Basketball fans may not know what to shout when BYU players step up to the free throw line, but ice cream lovers don’t need to worry anymore. The chocolate-flavored ice cream, laced with salted caramel and cashews, is not going anywhere.
“It’s not been around very long. It’s only been about a year,” said Jerry Pingel, dairy production manager for BYU.
Pingel said other BYU greats still have an ice cream flavor dedicated to them, even though they are no longer around. One flavor that remains a favorite at the Creamery is Earnestly Chocolate, an ice cream created to celebrate the rededication of the Ernest L. Wilkinson Student Center in 1999.

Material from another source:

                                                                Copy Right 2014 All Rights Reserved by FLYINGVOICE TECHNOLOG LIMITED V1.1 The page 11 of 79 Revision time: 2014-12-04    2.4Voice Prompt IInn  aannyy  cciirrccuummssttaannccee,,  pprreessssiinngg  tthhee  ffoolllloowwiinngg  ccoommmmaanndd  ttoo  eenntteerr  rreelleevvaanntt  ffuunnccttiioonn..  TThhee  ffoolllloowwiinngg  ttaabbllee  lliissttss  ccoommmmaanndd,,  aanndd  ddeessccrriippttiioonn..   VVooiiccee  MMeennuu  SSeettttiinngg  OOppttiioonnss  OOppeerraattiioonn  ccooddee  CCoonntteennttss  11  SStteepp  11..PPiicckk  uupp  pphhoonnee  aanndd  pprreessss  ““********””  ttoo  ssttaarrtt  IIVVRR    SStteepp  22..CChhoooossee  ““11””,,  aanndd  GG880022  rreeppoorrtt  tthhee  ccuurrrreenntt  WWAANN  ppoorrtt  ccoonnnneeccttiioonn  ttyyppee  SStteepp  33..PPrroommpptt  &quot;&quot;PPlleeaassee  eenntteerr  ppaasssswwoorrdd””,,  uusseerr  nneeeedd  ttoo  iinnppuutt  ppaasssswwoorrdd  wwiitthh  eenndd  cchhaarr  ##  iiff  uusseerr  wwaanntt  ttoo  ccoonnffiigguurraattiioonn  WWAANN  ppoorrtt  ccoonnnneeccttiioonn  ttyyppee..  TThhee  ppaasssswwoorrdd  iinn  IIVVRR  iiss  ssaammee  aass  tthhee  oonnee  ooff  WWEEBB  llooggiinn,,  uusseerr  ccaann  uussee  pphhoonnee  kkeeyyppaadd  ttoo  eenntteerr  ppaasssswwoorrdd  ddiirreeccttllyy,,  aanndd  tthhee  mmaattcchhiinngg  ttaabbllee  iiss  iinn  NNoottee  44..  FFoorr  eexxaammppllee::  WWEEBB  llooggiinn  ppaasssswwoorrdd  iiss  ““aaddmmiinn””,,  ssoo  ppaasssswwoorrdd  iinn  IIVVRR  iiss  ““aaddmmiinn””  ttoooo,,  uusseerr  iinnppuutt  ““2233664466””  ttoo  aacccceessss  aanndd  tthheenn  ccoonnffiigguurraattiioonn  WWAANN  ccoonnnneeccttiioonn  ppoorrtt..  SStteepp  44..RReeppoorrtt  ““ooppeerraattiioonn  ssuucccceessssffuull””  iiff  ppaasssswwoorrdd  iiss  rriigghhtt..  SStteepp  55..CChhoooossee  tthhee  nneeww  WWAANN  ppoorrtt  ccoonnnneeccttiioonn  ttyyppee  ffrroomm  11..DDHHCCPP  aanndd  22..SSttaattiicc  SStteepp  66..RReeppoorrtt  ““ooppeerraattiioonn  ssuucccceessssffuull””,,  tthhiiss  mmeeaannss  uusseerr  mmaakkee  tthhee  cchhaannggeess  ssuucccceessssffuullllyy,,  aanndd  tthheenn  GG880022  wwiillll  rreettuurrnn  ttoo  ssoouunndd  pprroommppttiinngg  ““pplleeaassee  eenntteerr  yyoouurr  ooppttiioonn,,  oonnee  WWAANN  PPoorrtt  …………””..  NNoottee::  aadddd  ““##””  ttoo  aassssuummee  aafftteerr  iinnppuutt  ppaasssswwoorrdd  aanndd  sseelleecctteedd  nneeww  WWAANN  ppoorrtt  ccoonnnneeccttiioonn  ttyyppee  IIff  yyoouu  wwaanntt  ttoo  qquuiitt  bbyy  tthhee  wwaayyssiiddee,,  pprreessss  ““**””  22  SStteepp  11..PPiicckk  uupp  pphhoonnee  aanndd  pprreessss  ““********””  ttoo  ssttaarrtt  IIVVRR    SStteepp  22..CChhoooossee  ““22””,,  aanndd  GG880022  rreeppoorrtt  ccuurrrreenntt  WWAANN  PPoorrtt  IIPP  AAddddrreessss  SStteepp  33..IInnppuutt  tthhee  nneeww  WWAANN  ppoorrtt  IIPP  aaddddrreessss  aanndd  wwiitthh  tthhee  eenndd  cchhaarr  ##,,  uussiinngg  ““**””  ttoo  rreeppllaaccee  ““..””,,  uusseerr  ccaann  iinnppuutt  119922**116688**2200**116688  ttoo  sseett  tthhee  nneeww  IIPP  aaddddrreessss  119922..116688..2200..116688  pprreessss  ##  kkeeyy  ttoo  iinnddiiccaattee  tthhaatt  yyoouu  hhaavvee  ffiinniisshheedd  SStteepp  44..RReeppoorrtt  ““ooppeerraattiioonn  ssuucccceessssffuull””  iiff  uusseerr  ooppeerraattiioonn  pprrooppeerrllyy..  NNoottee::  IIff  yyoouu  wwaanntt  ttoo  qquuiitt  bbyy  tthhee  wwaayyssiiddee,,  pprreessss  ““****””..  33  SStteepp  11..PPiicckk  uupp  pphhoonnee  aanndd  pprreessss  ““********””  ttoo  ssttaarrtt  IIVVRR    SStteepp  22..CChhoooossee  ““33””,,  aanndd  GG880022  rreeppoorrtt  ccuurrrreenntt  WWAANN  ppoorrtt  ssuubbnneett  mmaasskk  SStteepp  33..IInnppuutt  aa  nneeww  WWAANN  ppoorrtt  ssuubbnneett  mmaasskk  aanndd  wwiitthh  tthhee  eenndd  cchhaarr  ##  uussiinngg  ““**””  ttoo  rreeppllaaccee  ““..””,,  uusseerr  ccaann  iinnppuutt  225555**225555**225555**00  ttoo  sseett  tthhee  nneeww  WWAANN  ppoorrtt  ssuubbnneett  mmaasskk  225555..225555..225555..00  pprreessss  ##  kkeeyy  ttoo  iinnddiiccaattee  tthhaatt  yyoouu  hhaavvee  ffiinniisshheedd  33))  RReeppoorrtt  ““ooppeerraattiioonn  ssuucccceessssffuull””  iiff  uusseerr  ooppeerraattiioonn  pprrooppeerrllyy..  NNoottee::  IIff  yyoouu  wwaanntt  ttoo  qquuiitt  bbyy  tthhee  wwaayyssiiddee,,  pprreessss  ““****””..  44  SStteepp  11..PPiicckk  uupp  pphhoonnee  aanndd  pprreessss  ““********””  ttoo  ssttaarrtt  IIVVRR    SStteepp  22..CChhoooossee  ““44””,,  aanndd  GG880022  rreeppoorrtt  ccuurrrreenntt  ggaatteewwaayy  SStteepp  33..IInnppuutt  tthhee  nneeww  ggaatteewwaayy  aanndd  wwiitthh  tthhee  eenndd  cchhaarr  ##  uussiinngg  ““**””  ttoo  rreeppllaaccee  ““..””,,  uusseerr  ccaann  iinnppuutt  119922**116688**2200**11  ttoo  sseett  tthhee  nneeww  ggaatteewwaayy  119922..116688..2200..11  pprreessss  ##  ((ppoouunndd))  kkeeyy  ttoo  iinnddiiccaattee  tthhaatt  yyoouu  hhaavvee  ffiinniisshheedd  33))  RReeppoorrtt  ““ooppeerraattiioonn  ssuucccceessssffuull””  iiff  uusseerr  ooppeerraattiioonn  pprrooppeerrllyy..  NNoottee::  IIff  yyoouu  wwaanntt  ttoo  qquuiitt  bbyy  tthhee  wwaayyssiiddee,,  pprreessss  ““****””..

“We still have it, and Ernest Wilkinson is long gone,” Pingel said.
Other crowd-pleasers named after famous BYU faculty include LaVell’s Vanilla Bean, Bronco’s Cocoa Bean and Cosmo’s Peanut Butter Crunch.
Creamery producers focus on using the best possible ingredients in their products.
“Our vanilla is Madagascar vanilla extract. Madagascar had a hurricane that wiped out their vanilla crop, and vanilla extract went from $60 a gallon to $350 a gallon. We never changed. We kept buying it because that’s BYU ice cream. We buy flavors, candies and nuts that are the best,” Pingel claimed.
Creating an ice cream for President Worthen has been discussed, although for now it is only talk.
“I would say that it would take a while for the tradition to bring up a new ice cream for the new president, but it’s a possibility,” said Jared Hessing, a supervisor at the BYU Creamery on Ninth.